Aim of the task → Repeat all entries word for word; skip images.

· · · · ·

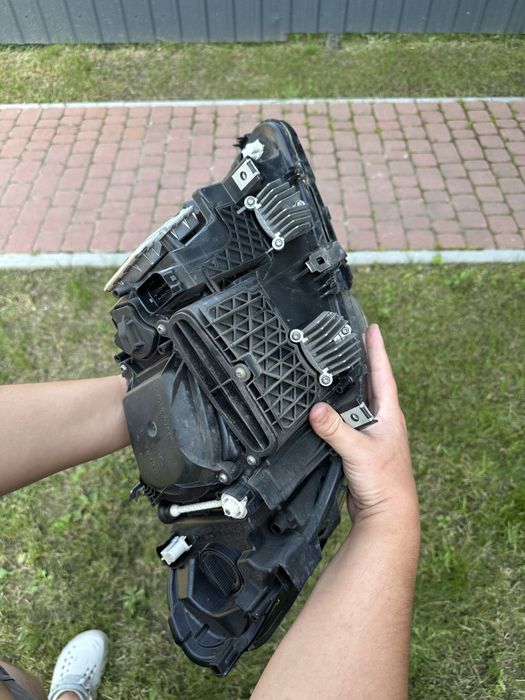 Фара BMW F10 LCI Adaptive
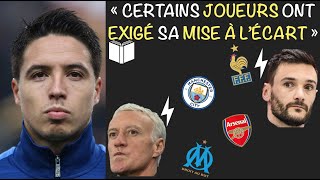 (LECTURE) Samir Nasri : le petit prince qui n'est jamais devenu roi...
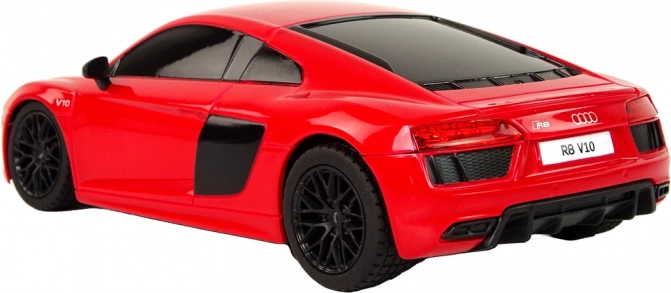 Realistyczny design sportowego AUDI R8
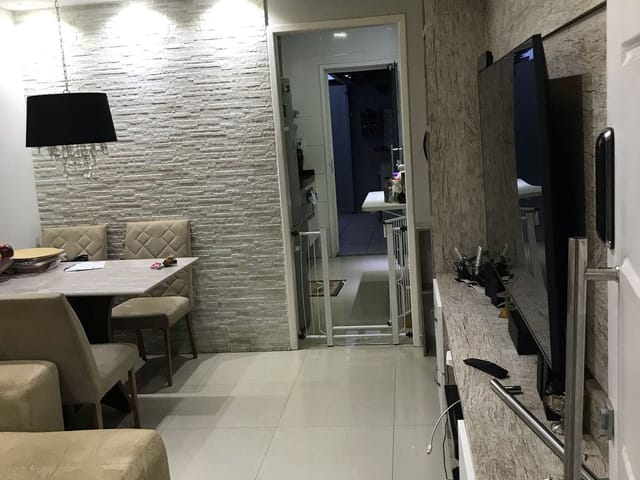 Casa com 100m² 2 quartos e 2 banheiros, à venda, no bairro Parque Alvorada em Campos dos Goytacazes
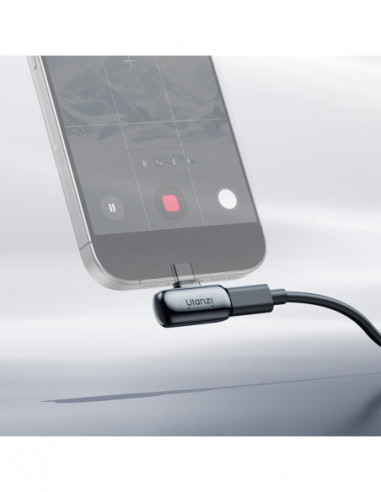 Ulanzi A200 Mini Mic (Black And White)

· · · · ·

Answer section →
 Фара BMW F10 LCI Adaptive
 (LECTURE) Samir Nasri : le petit prince qui n'est jamais devenu roi...
 Realistyczny design sportowego AUDI R8
 Casa com 100m² 2 quartos e 2 banheiros, à venda, no bairro Parque Alvorada em Campos dos Goytacazes
 Ulanzi A200 Mini Mic (Black And White)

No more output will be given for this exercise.